■ What is being asked ■
In the listing beneath this line, copy exactly the lines starting with the one containing "Rule 34 | 1boy, black" and going on through the one containing "Audiocular Spark USB-C".

[[ Dataset entries, beginning ]]

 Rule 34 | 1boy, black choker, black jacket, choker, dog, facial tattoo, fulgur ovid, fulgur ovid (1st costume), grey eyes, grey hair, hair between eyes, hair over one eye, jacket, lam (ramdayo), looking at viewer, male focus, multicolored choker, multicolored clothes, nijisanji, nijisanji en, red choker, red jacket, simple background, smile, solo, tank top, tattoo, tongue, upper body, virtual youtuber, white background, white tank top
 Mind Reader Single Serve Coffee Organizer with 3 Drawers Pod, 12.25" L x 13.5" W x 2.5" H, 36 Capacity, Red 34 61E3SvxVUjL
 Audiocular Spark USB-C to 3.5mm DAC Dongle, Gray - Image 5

[[ Dataset entries, end ]]
[[ Dataset entries, beginning ]]

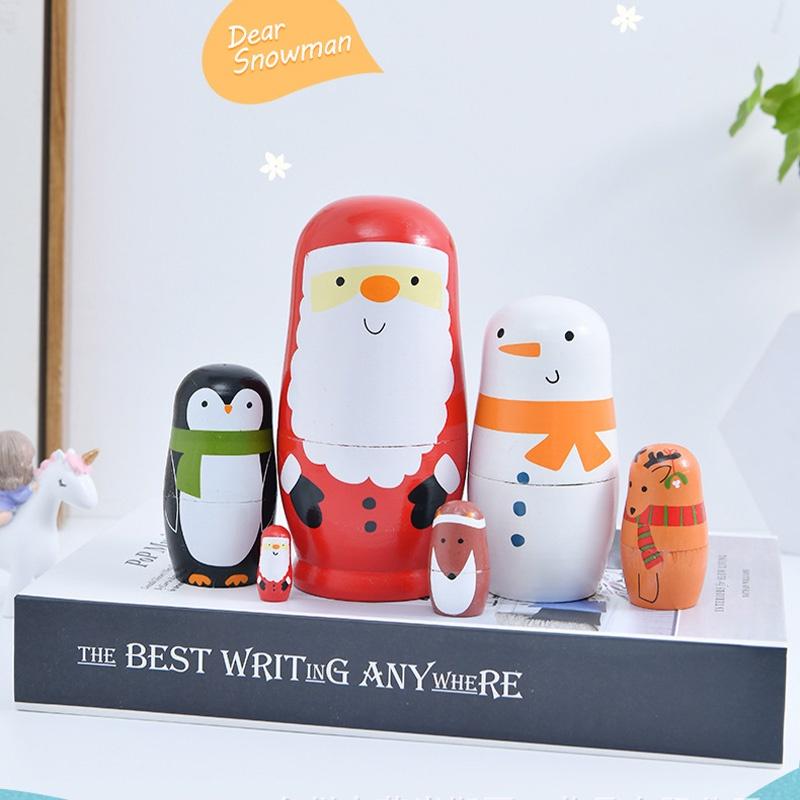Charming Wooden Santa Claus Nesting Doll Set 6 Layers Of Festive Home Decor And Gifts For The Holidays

[[ Dataset entries, end ]]
[[ Dataset entries, beginning ]]

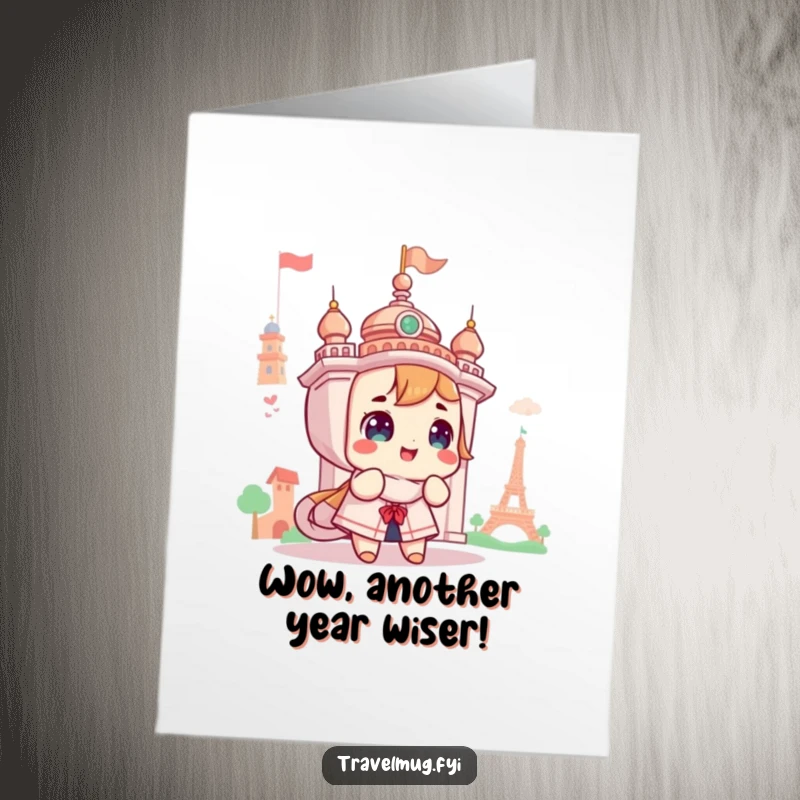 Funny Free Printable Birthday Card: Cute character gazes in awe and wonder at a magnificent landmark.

[[ Dataset entries, end ]]

■ Exercise result ■
 Rule 34 | 1boy, black choker, black jacket, choker, dog, facial tattoo, fulgur ovid, fulgur ovid (1st costume), grey eyes, grey hair, hair between eyes, hair over one eye, jacket, lam (ramdayo), looking at viewer, male focus, multicolored choker, multicolored clothes, nijisanji, nijisanji en, red choker, red jacket, simple background, smile, solo, tank top, tattoo, tongue, upper body, virtual youtuber, white background, white tank top
 Mind Reader Single Serve Coffee Organizer with 3 Drawers Pod, 12.25" L x 13.5" W x 2.5" H, 36 Capacity, Red 34 61E3SvxVUjL
 Audiocular Spark USB-C to 3.5mm DAC Dongle, Gray - Image 5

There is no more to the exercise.